大阪の校則裁判を各紙はどう報じたか
新聞記事を読み比べると、同じ新聞社でも東京本社と大阪本社で掲載される記事が違っていたり、扱いに大小の違いがあったりすることに気づきます。全国紙でも紙面に地域性が出るのです。それは当然ですが、どこで起きたニュースでも、私たちに身近だったり論議を呼んだりするテーマであれば、大きく扱ってもいいのではないかと思うのです。
2021年2月17日の朝刊各紙の扱いを見て、その感を深くしました。学校の校則はどこまで認められるのかの裁判の判決が大阪地裁であったのですが、東京版は扱いが小さい社が多かったからです。
どんな裁判だったのか。大阪府立高校の元女子生徒が、「茶髪を黒く染めるよう繰り返し指導され、精神的苦痛を受けたとして」(朝日新聞朝刊より)大阪府に慰謝料を求めたもので、次のような判決でした。
〈判決によると、生徒は2015年4月に入学。同校には「染色・脱色」を禁止する校則があり、教諭らは生徒に黒く染めるよう何度も指導。「黒染めが不十分」として授業への出席や修学旅行への参加を認めないこともあり、生徒は不登校になったとした〉(同紙17日付朝刊)
「地毛が茶色だったのか」で印象は異なる
学校の校則といえば、最近は「ブラック校則」という言葉が生まれるほど、厳格な校則のあり方が問題になり、見直しを始めたところもあります。だから、この裁判はニュースになったのです。

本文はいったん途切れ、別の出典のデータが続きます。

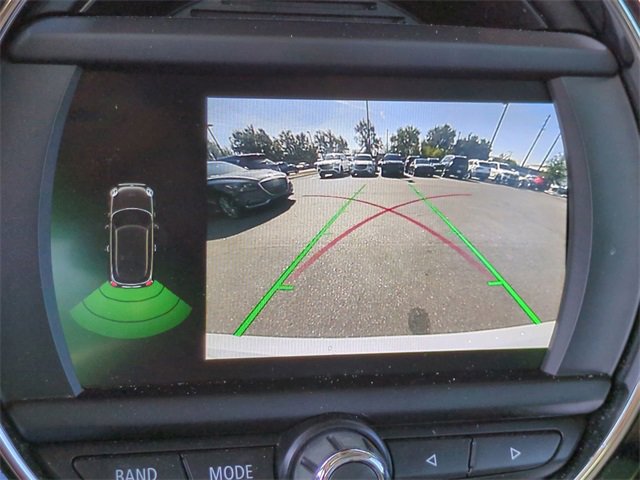 Used 2019 MINI Cooper S image 19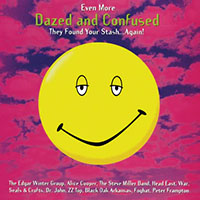 Even More Dazed And Confused LP (Smoky Purple Vinyl) (Record Store Day 2024 Release)
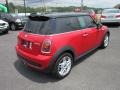 Chili Red - Cooper S Hardtop Photo No. 7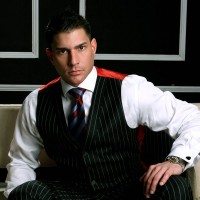 Eric Lexis audition - Picture 5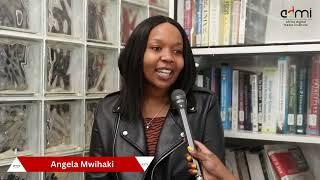 ADMI September 2024 Orientation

この裁判の原告は、毎日新聞によると「生まれつき髪が茶色なのに、教員から黒く染めるよう再三指導されて」とあります。朝日の記事だと、生徒の髪が生まれつき茶色かどうかが、はっきりしません。もし、生まれつきの黒髪を茶色に染めていたら「茶髪を黒くしろ」という指導に納得する人もいるかもしれません。毎日だと、生まれつきの髪の茶色を黒に染めるように指導されたことになります。これでは行き過ぎだと思う読者もいるでしょう。
同じ判決なのに、記事の書き方で印象が異なります。